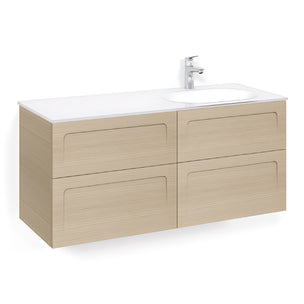 Macro Design CROWN Servantskap Venstre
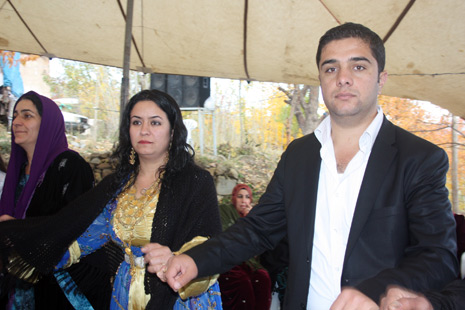 Düzenci Ailesinin Mutlu Günü 78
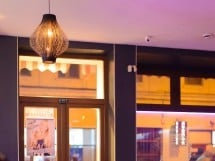 Voie bună în Blanc Coffee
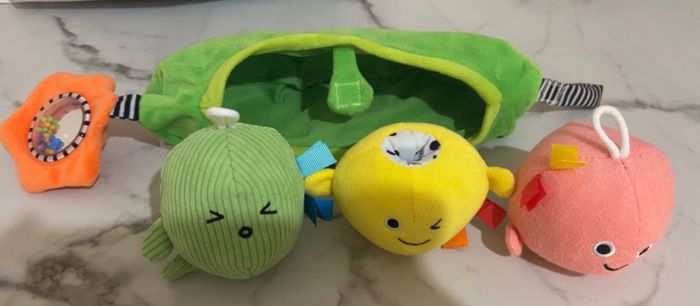 Jouet d’éveil - photo numéro 2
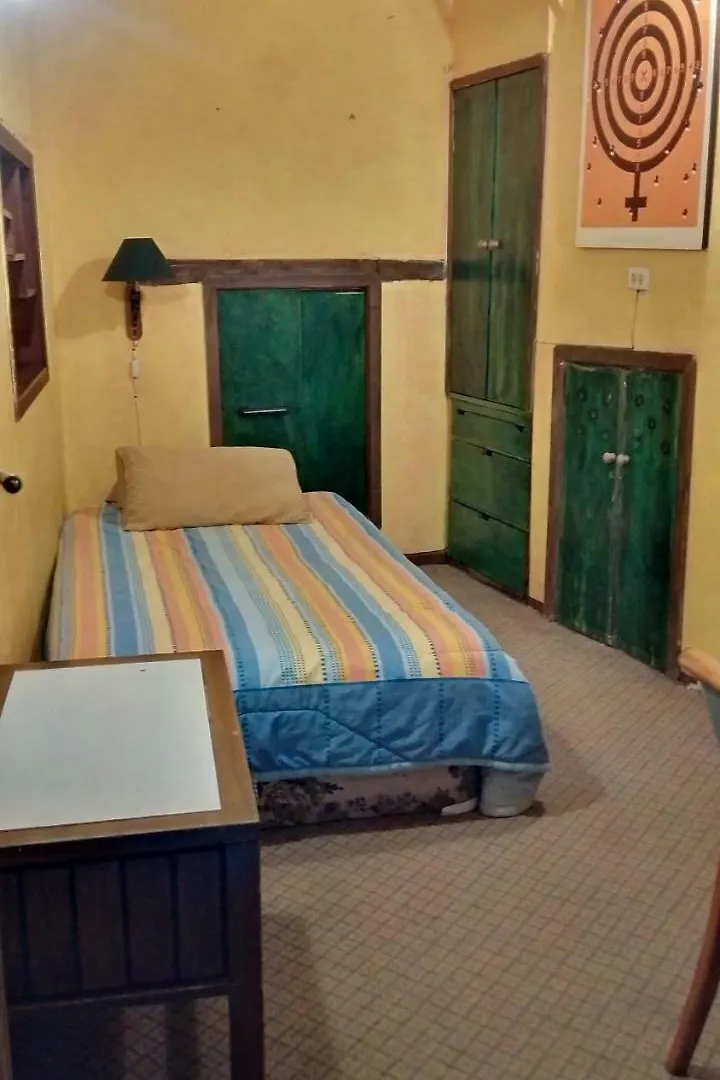 ** Casa de hóspedes Casa Agua Canela (Adults Only) Hotel Quito Equador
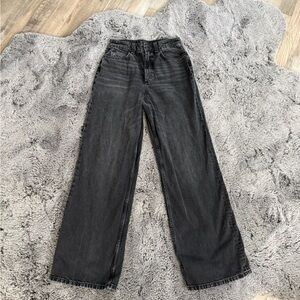 asos jean 28 tall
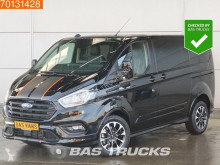 Ford cargo van Transit 2.0 TDCI 185PK Sport Dubbel Cabine Navi Camera Xenon L1H1 3m3 A/C Double cabin Cruise control
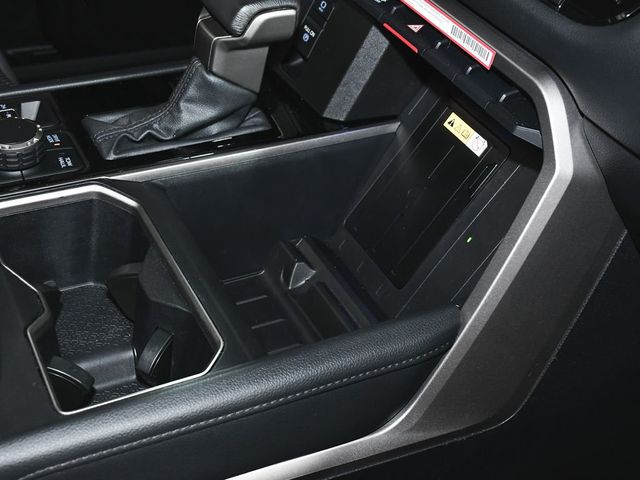 2024 Toyota Tundra Limited - 22992386 - 62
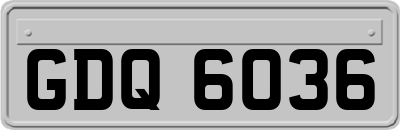 GDQ6036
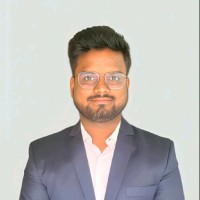 Rubyworks Employee Vedant Honrao's profile photo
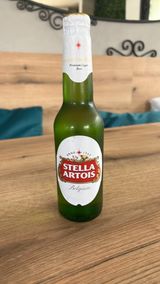 Бира Стела Артоа (330мл)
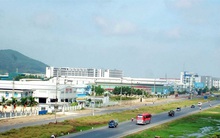 Bắc Ninh: KCN Quế Võ II - giai đoạn 2 hơn 277 ha được chấp thuận chủ trương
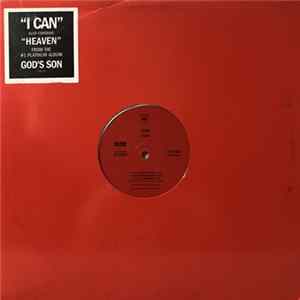 Nas - I Can FLAC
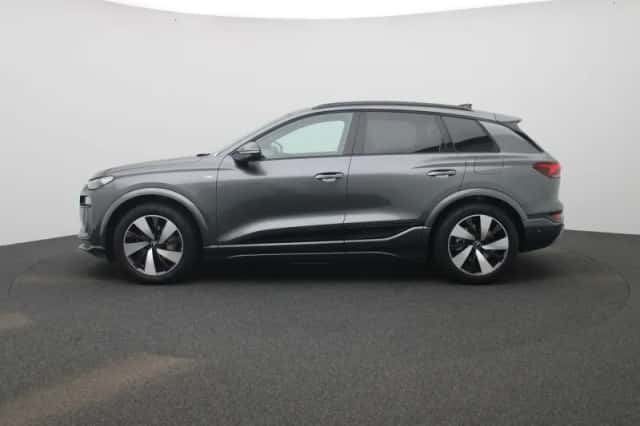 Audi Q6 e-tron (2024) thumbnail 4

**TO DO:** The lines to reproduce run from the one above containing "Hotel Quito Equador" through the one containing "Бира Стела Артоа (330мл)". Copy them exactly and leave out all pictures.

**OUTPUT OF THE TASK:**
 ** Casa de hóspedes Casa Agua Canela (Adults Only) Hotel Quito Equador
 asos jean 28 tall
 Ford cargo van Transit 2.0 TDCI 185PK Sport Dubbel Cabine Navi Camera Xenon L1H1 3m3 A/C Double cabin Cruise control
 2024 Toyota Tundra Limited - 22992386 - 62
 GDQ6036
 Rubyworks Employee Vedant Honrao's profile photo
 Бира Стела Артоа (330мл)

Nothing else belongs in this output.